Infrastructure Policy Recommendations
April 29, 2019
Real estate and infrastructure have a synergistic, two-way relationship as growth in one of these asset classes spurs growth in the other. Safe and reliable infrastructure enhances the value of those properties it serves – that in turn generates greater revenues cycling into a stream that amplifies and leverages limited public dollars needed to fund infrastructure projects.

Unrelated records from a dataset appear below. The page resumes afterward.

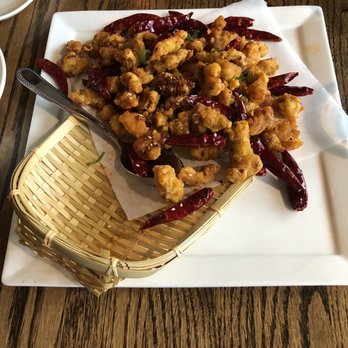 Dan Dan - Dry pepper chicken - Taiwanese Near Me - Wayne, Pennsylvania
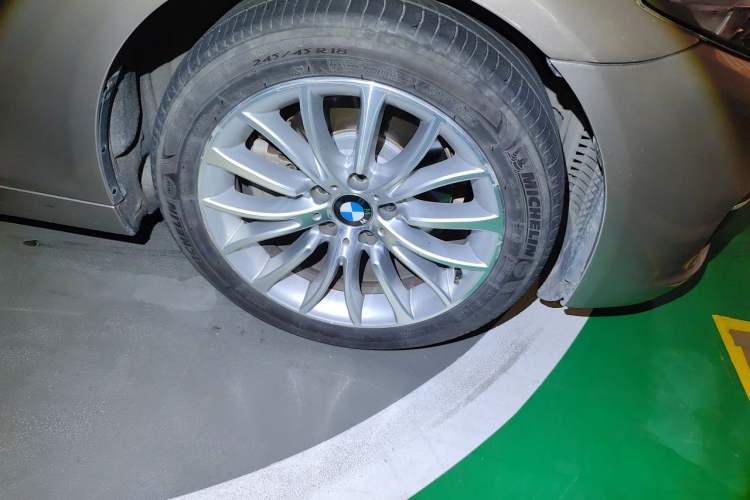 Used BMW 5 Series 2014 525Li Luxury Design Package Right Front Wheel Hub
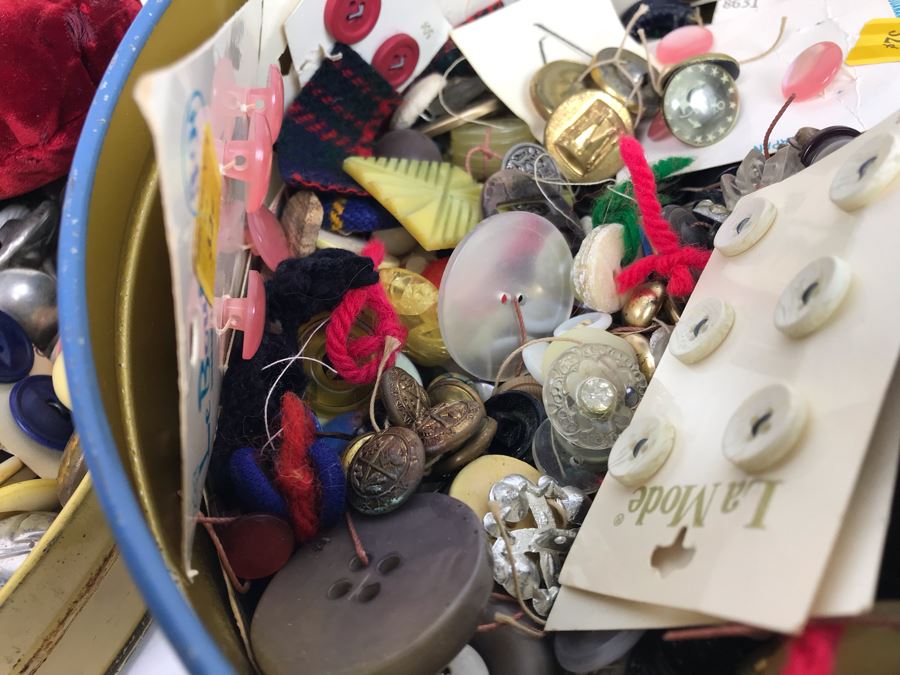 Pair Of Vintage Tins Filled With Vintage Sewing Supplies [Photo 15]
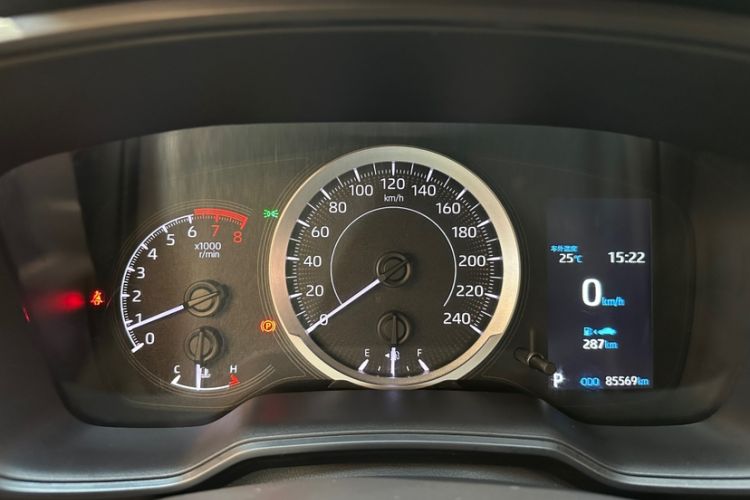 Used Toyota Corolla 2021 1.2T S-CVT Pioneer Edition Odometer Close Up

We offer policy suggestions within your Committee’s jurisdiction to improve programs to repair and modernize the transportation and other systems upon which the U.S. economy depends. We also suggest targeted changes to the federal tax code, requiring coordination with the Ways and Means Committee, to help pay for our nation’s infrastructure deficit.Infrastructure policy recommendations include:
Policies Within Transportation & Infrastructure Committee Jurisdiction:
- Comprehensive infrastructure legislation must include permit systems reforms.
- Spur public-private partnerships (P3s) by improving the TIFIA loan program.
- Harness the “transit premium” of higher property values for real estate located near mass transit to help finance nearby infrastructure.
- Prioritize the limited proceeds from the Highway Trust Fund with a “Fix it First” strategy.
- Financial and policy support for mass transit is critical.
- Repairing natural gas pipelines should be an infrastructure bill priority.
Infrastructure Financing Through Federal Tax Policy
- Comprehensive infrastructure legislation should unlock private capital for infrastructure investment by including the bipartisan Invest in America Act.
- Congress should responsibly and sustainably increase the federal gas “user fee.”
- Cost recovery rules for improvements to building infrastructure should encourage energy efficiency.
- Federal legislation should revise IRS “volume caps” and other limitations on private-activity bonds (PABs) to boost infrastructure development.